The third part was more challenging. Everyone easily grasped the importance of learning about malaria and
parasitic infections but most were surprised at being asked to learn how to estimate numbers of required staff, or figure out rates for fuel consumption, or draw up an annual budget for a mobile vaccination team. When, at the end of the course, the students were asked to evaluate it, many commented that learning more about laboratory test methods would have been preferable. But after they had been out in the field and were again presented with an evaluation form, the majority said they would have liked to know more about management, staff training, and budgeting. That was why it was such a help in my lectures to draw on the experiences of students who had already worked in low-income countries.

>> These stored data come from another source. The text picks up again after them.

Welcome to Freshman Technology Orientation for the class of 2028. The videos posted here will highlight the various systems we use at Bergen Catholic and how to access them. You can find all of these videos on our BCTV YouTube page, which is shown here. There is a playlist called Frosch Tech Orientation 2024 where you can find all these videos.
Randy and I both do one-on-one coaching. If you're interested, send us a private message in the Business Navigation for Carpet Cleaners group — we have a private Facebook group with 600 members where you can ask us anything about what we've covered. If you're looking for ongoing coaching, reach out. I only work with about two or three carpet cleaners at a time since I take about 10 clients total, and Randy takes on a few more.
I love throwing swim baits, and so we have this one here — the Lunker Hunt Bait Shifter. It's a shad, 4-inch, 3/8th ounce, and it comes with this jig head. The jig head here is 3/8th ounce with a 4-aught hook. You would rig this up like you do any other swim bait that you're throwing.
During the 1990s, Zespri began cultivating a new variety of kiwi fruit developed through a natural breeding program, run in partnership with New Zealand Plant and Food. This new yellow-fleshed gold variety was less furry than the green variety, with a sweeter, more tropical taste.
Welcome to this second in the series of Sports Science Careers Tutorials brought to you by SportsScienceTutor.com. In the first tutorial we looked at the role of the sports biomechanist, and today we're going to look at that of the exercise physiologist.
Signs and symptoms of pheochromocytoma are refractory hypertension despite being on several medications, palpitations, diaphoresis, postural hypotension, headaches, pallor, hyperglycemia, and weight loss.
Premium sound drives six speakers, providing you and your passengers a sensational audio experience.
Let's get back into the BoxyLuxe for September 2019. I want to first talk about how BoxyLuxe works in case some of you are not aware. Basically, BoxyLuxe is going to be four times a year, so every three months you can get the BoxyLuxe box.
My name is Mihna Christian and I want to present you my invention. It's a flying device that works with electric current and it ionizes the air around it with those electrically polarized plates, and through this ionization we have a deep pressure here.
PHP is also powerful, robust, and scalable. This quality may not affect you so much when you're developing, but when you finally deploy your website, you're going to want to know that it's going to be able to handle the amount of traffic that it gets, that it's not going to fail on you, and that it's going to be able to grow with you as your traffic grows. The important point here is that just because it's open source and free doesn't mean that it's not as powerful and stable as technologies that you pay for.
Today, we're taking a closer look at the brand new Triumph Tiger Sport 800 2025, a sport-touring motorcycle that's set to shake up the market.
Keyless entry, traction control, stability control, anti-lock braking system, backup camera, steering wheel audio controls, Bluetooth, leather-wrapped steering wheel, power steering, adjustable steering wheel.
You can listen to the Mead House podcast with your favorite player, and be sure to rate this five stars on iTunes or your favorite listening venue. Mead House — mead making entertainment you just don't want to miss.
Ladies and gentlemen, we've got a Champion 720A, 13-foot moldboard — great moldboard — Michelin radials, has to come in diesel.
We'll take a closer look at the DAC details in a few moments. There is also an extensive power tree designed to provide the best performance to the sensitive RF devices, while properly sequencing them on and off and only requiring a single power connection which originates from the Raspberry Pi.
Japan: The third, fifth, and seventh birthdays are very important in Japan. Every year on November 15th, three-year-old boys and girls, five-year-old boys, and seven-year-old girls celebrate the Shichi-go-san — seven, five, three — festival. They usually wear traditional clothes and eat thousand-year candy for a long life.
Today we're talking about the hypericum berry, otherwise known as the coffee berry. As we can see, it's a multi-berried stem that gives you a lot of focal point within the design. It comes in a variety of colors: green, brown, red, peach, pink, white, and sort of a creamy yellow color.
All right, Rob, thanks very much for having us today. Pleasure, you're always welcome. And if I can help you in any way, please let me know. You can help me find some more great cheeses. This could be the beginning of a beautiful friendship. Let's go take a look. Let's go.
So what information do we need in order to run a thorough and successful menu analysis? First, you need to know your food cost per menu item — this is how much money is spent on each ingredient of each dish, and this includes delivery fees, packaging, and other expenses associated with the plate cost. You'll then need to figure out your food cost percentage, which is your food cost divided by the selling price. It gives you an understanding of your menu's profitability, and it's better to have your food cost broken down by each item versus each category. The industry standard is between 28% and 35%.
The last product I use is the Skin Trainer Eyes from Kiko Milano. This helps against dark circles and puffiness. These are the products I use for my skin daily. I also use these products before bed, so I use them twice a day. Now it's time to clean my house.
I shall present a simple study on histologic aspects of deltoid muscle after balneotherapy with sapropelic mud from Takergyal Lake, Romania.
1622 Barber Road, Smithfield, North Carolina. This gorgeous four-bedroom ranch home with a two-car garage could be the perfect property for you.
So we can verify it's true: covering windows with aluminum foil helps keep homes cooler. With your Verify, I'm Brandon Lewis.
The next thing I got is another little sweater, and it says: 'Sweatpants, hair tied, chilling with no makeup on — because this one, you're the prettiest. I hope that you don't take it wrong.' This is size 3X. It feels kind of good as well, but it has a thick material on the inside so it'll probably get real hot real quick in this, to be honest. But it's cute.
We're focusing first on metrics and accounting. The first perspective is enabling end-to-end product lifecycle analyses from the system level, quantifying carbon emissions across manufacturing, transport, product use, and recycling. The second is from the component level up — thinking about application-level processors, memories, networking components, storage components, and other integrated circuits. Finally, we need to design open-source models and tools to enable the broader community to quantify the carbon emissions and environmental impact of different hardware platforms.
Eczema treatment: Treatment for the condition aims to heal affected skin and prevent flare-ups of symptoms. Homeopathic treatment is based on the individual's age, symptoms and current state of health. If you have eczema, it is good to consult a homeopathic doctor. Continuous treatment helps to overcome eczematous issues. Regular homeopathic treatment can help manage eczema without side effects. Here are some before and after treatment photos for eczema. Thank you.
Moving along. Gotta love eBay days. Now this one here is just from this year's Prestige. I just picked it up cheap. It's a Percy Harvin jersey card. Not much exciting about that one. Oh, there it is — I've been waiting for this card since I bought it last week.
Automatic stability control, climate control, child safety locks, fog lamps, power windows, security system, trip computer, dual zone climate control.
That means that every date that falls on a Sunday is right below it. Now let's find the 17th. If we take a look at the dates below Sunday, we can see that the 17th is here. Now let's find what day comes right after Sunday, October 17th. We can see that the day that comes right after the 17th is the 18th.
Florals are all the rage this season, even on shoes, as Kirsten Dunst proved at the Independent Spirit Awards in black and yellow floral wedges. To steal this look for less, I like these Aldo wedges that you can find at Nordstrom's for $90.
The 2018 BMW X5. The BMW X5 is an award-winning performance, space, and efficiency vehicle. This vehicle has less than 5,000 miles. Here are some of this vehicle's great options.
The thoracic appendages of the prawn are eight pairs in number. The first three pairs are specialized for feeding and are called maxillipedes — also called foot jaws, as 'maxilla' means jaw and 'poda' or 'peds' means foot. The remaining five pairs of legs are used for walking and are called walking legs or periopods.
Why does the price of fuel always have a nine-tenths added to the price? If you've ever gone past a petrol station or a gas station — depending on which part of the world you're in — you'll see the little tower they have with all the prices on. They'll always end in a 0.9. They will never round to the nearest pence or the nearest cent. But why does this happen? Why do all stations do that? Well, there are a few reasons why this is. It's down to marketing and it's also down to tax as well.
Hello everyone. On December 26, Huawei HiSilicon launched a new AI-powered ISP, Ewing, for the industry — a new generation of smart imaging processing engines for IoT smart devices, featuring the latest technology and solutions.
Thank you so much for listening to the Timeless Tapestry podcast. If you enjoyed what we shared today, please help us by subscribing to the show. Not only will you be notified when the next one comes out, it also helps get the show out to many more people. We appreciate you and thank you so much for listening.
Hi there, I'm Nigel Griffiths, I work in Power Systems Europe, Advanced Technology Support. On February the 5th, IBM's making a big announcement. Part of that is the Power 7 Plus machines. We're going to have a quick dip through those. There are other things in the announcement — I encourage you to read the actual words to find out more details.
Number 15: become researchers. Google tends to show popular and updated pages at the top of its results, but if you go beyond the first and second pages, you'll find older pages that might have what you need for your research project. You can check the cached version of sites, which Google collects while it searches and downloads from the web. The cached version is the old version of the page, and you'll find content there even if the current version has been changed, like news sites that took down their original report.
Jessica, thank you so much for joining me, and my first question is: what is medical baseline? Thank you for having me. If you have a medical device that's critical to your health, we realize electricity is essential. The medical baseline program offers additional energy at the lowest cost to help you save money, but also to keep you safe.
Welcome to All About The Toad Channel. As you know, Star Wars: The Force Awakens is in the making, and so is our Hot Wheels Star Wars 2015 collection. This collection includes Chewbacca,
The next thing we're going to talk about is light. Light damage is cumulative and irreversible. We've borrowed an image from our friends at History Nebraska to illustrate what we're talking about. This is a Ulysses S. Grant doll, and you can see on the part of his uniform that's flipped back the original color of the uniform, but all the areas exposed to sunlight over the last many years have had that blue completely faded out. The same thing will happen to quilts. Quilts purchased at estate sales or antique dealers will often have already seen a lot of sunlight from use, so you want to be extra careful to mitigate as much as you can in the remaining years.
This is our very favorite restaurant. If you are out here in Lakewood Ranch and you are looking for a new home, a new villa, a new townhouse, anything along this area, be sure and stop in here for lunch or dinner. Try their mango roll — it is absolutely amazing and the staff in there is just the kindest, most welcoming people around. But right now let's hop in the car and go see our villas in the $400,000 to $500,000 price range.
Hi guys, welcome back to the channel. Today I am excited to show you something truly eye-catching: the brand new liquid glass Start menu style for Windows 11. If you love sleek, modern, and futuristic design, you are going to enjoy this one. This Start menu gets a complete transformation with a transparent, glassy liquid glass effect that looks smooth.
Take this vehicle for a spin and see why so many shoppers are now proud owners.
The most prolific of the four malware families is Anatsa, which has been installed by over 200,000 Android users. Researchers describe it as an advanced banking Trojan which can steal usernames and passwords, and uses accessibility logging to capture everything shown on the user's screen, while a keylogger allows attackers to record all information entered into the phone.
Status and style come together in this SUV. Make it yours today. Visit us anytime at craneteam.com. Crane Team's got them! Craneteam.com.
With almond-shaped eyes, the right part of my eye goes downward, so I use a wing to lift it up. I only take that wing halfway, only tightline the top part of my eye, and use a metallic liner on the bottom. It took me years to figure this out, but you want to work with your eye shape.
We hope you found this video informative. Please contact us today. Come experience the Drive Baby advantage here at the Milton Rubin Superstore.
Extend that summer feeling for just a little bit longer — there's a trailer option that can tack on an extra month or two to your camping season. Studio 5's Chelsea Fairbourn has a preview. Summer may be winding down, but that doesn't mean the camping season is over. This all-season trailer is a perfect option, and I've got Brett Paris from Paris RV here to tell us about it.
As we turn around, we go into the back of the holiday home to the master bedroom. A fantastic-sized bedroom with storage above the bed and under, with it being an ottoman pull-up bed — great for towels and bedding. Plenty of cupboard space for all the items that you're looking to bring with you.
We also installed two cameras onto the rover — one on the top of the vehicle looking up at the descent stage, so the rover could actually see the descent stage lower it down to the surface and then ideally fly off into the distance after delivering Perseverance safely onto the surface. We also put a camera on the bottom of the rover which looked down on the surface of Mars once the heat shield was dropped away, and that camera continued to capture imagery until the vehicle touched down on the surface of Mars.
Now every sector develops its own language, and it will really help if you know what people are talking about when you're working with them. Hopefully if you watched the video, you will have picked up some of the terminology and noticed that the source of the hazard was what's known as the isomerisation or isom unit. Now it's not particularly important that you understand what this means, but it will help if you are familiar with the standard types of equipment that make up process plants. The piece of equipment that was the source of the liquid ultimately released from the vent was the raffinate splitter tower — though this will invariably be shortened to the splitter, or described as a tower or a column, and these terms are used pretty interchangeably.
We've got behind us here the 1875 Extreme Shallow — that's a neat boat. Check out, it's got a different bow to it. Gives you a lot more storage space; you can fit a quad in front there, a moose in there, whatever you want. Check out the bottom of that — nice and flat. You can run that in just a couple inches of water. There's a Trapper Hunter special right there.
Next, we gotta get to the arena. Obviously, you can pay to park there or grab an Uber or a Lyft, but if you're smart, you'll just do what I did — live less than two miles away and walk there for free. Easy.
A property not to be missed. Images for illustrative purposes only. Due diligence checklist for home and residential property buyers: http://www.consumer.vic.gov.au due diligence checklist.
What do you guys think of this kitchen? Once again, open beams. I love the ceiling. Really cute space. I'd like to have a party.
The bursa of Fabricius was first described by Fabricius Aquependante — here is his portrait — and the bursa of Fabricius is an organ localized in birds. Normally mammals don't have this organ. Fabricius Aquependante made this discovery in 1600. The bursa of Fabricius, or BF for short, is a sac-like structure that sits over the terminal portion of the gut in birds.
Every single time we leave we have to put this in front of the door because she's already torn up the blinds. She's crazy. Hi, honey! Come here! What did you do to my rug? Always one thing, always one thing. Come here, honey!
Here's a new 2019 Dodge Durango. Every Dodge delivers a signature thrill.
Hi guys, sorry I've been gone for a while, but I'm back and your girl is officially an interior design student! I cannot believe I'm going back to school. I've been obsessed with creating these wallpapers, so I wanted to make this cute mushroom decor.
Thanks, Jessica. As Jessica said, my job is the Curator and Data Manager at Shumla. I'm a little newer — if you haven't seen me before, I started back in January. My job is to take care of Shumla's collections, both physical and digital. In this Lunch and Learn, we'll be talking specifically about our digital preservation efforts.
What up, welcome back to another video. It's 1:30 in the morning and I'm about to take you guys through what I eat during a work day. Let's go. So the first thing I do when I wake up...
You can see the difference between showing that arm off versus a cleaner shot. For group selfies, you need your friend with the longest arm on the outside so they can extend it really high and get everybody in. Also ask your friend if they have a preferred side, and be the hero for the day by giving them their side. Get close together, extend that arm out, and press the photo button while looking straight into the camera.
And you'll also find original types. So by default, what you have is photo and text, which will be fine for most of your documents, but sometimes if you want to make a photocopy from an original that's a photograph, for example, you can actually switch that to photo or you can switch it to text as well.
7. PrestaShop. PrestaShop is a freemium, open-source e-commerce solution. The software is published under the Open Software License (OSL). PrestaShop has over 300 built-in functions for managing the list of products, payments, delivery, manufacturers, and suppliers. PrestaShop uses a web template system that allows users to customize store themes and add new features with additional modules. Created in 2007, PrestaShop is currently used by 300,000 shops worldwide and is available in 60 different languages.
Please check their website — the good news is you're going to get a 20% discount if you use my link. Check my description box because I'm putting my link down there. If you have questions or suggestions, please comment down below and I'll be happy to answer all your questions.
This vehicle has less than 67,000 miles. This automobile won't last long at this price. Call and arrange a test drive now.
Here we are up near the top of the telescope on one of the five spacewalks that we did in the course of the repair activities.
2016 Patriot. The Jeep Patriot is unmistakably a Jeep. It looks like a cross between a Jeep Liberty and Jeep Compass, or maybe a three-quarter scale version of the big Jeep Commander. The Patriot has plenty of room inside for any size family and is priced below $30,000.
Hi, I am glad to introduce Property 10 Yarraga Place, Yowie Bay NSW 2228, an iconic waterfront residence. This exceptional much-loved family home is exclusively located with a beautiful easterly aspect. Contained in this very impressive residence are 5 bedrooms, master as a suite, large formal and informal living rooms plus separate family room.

Most of these students had worked for religious missions and learned ineffective methods for recording how their services reached the population, whether it was support for pregnant mothers and maternity care, or the treatment of children with malaria, or injured patients requiring surgery. They had been taught to record how far the patients had traveled to reach the field hospitals or mission clinics, to gauge the effectiveness of the services being offered. When Médecins Sans Frontières (Doctors Without Borders) began their work, it turned out that their staff were also using the same old “How far did the patient travel?” question to determine how well they were serving their populations.
This method takes no account of population demographics.